Bilateral Detatchment

The Tiny Girl Eye Chronicles:   It’s late tonight and I don’t think I have the energy to go into the entire story, but I’ll give it a go.

About a week-and-a-half ago my husband thought my daughter’s pupils were no longer round.   He wasn’t sure and we didn’t worry about it until the next day when he had me look at it and then I said, “good grief, that’s definitely not round.   What do we do?!”   I called for an appointment but they didn’t know if they could get us in.  I sent a message to our eye specialist via the medical portal and she got back to me saying she could work us in on Friday.

By Friday her eyes and her vision had changed significantly.   Her pupils were constantly dilated, her blue eyes were no longer blue but a strange dirt dark grey color and her vision was very, very bad.    She couldn’t see the television any more and had no idea how many fingers you were holding up from seven feet away.   We were scared.

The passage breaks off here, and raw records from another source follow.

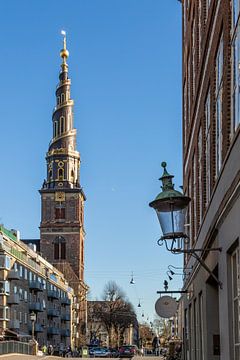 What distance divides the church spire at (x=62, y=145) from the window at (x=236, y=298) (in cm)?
13084

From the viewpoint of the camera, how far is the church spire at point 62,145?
140 metres

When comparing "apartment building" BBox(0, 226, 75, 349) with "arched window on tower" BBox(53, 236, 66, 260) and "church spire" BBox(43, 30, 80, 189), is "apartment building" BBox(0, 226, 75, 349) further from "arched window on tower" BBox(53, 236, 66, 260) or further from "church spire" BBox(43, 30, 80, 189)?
"church spire" BBox(43, 30, 80, 189)

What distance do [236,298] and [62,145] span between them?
133 m

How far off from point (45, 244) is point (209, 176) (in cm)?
12820

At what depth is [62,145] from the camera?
141 meters

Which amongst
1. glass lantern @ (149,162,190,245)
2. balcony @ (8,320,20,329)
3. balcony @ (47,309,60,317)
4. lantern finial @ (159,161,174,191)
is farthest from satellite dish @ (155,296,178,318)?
balcony @ (47,309,60,317)

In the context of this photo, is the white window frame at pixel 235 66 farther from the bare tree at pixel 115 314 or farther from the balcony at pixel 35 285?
the bare tree at pixel 115 314

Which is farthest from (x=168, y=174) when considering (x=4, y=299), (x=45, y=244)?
(x=45, y=244)

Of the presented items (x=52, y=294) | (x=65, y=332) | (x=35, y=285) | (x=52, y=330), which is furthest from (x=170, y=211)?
(x=65, y=332)

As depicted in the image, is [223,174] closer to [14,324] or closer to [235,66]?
[235,66]

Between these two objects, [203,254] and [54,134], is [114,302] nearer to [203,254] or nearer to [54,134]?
[54,134]

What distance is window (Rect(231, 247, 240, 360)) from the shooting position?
8.71 metres

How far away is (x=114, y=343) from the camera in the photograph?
138250 millimetres

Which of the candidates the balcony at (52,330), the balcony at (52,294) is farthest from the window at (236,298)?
the balcony at (52,294) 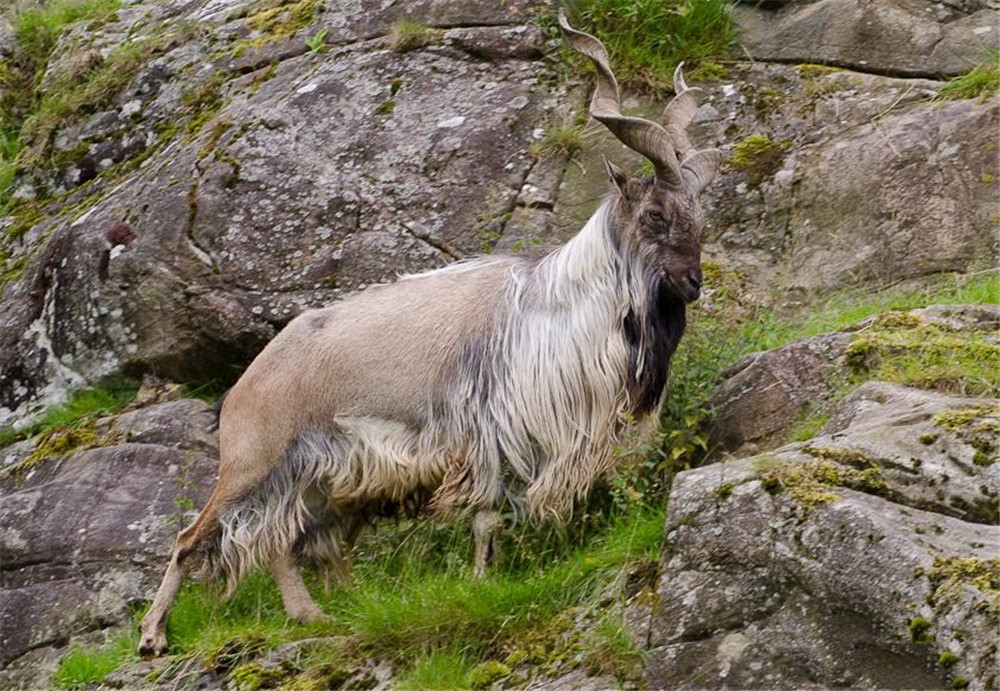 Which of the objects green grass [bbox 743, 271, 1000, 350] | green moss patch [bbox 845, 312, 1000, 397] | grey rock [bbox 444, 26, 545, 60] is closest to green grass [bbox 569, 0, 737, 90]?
grey rock [bbox 444, 26, 545, 60]

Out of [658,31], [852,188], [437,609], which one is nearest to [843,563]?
[437,609]

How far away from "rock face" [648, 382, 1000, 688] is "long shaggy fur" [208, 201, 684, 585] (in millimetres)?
1448

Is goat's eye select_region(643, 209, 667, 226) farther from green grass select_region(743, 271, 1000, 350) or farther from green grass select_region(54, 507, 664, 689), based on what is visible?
green grass select_region(54, 507, 664, 689)

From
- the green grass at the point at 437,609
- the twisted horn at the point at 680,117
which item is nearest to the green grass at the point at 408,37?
the twisted horn at the point at 680,117

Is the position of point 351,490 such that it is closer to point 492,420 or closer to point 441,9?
point 492,420

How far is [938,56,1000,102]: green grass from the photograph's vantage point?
9.88m

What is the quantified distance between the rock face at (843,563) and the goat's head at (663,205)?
1745mm

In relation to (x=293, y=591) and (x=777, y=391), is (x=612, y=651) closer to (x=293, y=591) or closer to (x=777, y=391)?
(x=777, y=391)

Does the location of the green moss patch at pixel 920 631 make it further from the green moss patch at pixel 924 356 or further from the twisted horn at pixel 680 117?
the twisted horn at pixel 680 117

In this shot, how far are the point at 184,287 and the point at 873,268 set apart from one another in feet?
14.5

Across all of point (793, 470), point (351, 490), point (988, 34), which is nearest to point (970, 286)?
point (988, 34)

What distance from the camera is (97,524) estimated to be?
364 inches

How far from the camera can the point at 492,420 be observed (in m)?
8.05

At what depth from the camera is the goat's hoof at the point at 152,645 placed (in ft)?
26.8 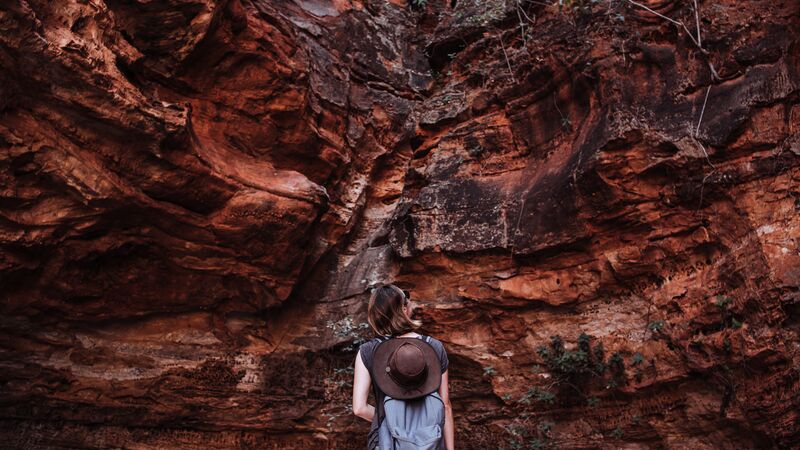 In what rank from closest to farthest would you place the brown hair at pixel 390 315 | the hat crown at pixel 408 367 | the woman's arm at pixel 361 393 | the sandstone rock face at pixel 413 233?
the hat crown at pixel 408 367, the woman's arm at pixel 361 393, the brown hair at pixel 390 315, the sandstone rock face at pixel 413 233

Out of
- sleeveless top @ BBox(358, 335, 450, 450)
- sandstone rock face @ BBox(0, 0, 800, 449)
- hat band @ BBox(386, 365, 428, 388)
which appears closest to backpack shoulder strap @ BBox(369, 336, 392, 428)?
sleeveless top @ BBox(358, 335, 450, 450)

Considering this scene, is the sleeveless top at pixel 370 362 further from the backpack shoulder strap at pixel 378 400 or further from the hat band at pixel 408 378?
the hat band at pixel 408 378

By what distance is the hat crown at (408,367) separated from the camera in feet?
10.0

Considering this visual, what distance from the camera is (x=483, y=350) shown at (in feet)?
18.8

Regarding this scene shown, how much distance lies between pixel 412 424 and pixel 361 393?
38cm

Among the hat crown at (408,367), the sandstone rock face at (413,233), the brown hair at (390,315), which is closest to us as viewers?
the hat crown at (408,367)

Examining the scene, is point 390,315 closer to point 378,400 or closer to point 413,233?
point 378,400

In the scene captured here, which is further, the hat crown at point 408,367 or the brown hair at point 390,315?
the brown hair at point 390,315

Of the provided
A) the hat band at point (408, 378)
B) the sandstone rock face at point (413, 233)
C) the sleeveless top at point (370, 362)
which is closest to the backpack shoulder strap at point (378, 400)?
the sleeveless top at point (370, 362)

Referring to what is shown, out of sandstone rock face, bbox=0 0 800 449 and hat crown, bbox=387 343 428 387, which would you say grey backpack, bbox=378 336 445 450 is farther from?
sandstone rock face, bbox=0 0 800 449

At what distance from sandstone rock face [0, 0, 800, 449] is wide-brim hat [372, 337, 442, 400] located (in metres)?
2.43

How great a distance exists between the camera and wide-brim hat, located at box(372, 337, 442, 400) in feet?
10.0

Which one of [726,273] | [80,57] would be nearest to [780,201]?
[726,273]

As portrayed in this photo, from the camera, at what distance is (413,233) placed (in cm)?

Dr. Grace saw her on Friday and agreed something needed to be done and the first step was to do an evaluation under anesthesia so they could get a better look.   Her inter-ocular pressure was low so it wasn’t glaucoma.  She saw no inflammation or signs of an infection.    She wasn’t displaying signs of a concussion from a fall and excluded other things based on her experience.

We didn’t have an answer or a course of action and it was frustrating, but we waited.    More emails were exchanged online as her situation worsened visually.   Dr. Grace coordinated an OR with two other specialists for this morning.    We were very grateful and hoped for some answers today.

The procedure was going to be about a half-hour, she said, but at over an hour in and we guessed the answer wasn’t likely to be simple.   When Dr. Grace did come out she told us they had done some extra tests, and thankfully they had the retina specialist available because he had helped in determining some of what was going on.

My daughter has bilateral retinal detachment.   There is also low blood flow to both her eyes.   That explains some of what’s happening, but it doesn’t give any indication as to why it’s happening.    Or, how to stop and fix the situation.

Okay, this is not good, I know you’re thinking the same thing I was thinking when I heard the news.   But it doesn’t mean it’s permanent, especially if we get the situation addressed quickly.    Dr. Grace said she wanted to admit my daughter to the hospital instead of sending her home because there were other tests and consults she wanted to have done and the best and quickest way to get them done was to have my daughter admitted.

As I write this I’m tired, but I’m hopeful we’ll know more tomorrow.   We’re having a brain and neck MRI, a consultation from rheumatology, dermatology and cardiology.   They’re performing an angiogram on her and possibly some other tests I don’t know about or have forgotten.

Here’s the thing, is it connective tissues?  Is it auto-immune?  Does she have a genetic issue like albinism?  Is it Marfan’s?  The number of things we’ve considered has been large, and most of them don’t fit at all other than the one thing that was used to consider the condition in the first place.  

It is a very exciting and challenging mystery.   It’s just not fun to have it happen to your own child.

Tomorrow we’ll hopefully know more.   My daughter has been great all day, getting only really angry once, and that was when they brought her the grape popsicle instead of the orange one.

The Big Boy Update:  My husband was with my son for most of the day.   He had one thing to tell me about him when we talked on the phone after bedtime: “he doesn’t get in trouble as much when he doesn’t have someone else he’s trying to boss around.”